Here are a few of the label naming conventions:
- Axioms, definitions, and wff syntax.
As noted earlier, axioms are named "ax-NAME",
proofs of proven axioms are named "axNAME", and
definitions are named "df-NAME".
Wff syntax declarations have labels beginning with "w"
followed by short fragment suggesting its purpose.
- Hypotheses.
Hypotheses have the name of the final axiom or theorem, followed by
".", followed by a unique id (these ids are usually consecutive integers
starting with 1, e.g., for rgen 3052"rgen.1 $e |- ( x e. A -> ph ) $."
or letters corresponding to the (main) class variable used in the
hypothesis, e.g., for mdet0 22552: "mdet0.d $e |- D = ( N maDet R ) $.").
- Common names.
If a theorem has a well-known name, that name (or a short version of it)

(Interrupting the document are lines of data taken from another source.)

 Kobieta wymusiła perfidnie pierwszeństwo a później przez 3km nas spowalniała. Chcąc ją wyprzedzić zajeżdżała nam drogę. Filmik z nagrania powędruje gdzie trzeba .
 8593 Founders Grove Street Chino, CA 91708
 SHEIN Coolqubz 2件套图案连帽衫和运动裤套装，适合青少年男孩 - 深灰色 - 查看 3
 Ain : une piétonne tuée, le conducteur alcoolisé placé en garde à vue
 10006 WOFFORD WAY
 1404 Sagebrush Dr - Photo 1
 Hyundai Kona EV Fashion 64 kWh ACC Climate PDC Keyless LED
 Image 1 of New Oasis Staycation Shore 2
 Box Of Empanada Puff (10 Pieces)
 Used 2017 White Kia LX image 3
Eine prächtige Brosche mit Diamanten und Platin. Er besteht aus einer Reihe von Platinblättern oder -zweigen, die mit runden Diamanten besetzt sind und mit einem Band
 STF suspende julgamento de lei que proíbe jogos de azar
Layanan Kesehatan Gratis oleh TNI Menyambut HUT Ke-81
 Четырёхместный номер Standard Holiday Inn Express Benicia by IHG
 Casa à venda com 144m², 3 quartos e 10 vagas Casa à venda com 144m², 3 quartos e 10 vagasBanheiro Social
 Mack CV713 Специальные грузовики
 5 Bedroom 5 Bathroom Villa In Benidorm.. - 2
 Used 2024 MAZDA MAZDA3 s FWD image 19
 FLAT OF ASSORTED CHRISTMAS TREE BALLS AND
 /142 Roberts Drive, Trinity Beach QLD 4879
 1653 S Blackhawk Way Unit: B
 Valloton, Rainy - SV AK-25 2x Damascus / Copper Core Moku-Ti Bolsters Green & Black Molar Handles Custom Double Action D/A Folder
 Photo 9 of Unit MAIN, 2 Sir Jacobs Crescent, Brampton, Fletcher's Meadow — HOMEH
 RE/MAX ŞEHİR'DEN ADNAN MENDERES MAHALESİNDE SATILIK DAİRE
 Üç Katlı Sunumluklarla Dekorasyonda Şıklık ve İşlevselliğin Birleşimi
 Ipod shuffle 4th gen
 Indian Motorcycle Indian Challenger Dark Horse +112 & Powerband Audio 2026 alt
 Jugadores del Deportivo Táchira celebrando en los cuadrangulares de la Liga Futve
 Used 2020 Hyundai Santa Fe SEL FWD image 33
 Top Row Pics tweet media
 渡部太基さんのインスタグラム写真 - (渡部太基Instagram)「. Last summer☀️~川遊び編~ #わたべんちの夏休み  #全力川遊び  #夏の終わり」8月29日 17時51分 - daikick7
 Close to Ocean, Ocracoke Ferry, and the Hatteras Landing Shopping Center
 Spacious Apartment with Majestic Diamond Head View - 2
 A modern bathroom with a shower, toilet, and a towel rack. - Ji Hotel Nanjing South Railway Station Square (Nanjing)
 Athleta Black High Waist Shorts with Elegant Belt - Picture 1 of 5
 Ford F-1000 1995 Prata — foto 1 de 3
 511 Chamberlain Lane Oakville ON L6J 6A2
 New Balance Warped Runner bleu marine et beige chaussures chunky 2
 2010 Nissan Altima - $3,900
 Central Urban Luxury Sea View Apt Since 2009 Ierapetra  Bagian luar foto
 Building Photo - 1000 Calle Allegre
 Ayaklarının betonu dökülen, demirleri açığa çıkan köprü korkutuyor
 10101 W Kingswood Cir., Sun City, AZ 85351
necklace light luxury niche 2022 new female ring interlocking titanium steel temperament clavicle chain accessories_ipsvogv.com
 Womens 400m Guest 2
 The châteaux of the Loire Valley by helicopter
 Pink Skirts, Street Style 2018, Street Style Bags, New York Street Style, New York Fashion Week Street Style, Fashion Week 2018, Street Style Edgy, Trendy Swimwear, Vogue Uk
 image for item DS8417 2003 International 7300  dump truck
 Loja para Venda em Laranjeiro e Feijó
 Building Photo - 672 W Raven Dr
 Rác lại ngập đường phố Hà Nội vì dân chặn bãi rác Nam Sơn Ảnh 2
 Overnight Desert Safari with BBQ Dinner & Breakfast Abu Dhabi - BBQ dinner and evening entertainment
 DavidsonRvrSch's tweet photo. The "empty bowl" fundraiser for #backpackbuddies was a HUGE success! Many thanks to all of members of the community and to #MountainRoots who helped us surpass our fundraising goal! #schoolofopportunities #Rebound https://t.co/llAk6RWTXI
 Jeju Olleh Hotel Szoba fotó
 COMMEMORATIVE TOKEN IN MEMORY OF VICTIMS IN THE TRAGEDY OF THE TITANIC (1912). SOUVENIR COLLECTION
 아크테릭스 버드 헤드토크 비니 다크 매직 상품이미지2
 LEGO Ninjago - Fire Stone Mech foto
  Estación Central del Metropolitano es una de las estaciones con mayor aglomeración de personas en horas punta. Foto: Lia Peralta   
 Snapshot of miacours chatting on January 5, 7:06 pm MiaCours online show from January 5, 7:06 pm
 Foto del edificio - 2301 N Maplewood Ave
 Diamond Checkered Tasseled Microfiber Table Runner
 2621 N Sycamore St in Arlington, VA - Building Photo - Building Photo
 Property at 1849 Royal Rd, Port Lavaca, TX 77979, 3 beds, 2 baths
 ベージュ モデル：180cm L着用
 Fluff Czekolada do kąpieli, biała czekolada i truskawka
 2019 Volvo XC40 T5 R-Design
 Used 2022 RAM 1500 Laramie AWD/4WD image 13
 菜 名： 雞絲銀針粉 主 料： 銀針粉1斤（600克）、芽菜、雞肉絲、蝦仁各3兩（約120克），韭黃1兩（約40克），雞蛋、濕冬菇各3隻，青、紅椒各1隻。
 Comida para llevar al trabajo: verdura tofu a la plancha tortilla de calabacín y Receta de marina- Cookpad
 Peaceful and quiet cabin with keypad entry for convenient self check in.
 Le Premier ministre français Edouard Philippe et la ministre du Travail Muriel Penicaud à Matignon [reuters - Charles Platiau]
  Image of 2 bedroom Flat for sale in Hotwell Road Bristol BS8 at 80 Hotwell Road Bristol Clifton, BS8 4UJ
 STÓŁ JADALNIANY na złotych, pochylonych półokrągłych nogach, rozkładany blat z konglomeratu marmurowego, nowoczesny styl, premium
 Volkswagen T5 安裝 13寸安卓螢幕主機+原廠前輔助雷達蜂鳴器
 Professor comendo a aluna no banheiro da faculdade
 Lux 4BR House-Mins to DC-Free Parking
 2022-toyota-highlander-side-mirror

is sometimes used directly. Examples include
barbara 2651 and stirling 45615.
- Principia Mathematica.
Proofs of theorems from Principia Mathematica often use a special
naming convention: "pm" followed by its identifier.
For example, Theorem *2.27 of [WhiteheadRussell] p. 104 is named
pm2.27 42.
- 19.x series of theorems.
Similar to the conventions for the theorems from Principia Mathematica,
theorems from Section 19 of [Margaris] p. 90 often use a special naming
convention: "19." resp. "r19." (for corresponding restricted quantifier
versions) followed by its identifier.
For example, Theorem 38 from Section 19 of [Margaris] p. 90 is labeled
19.38 1833, and the restricted quantifier version of Theorem 21 from
Section 19 of [Margaris] p. 90 is labeled r19.21 3241.
- Characters to be used for labels.
Although the specification of Metamath allows for dots/periods "." in
any label, it is usually used only in labels for hypotheses (see above).
Exceptions are the labels of theorems from Principia Mathematica and the
19.x series of theorems from Section 19 of [Margaris] p. 90 (see above)
and 0.999... 15863. Furthermore, the underscore "_" should not be used.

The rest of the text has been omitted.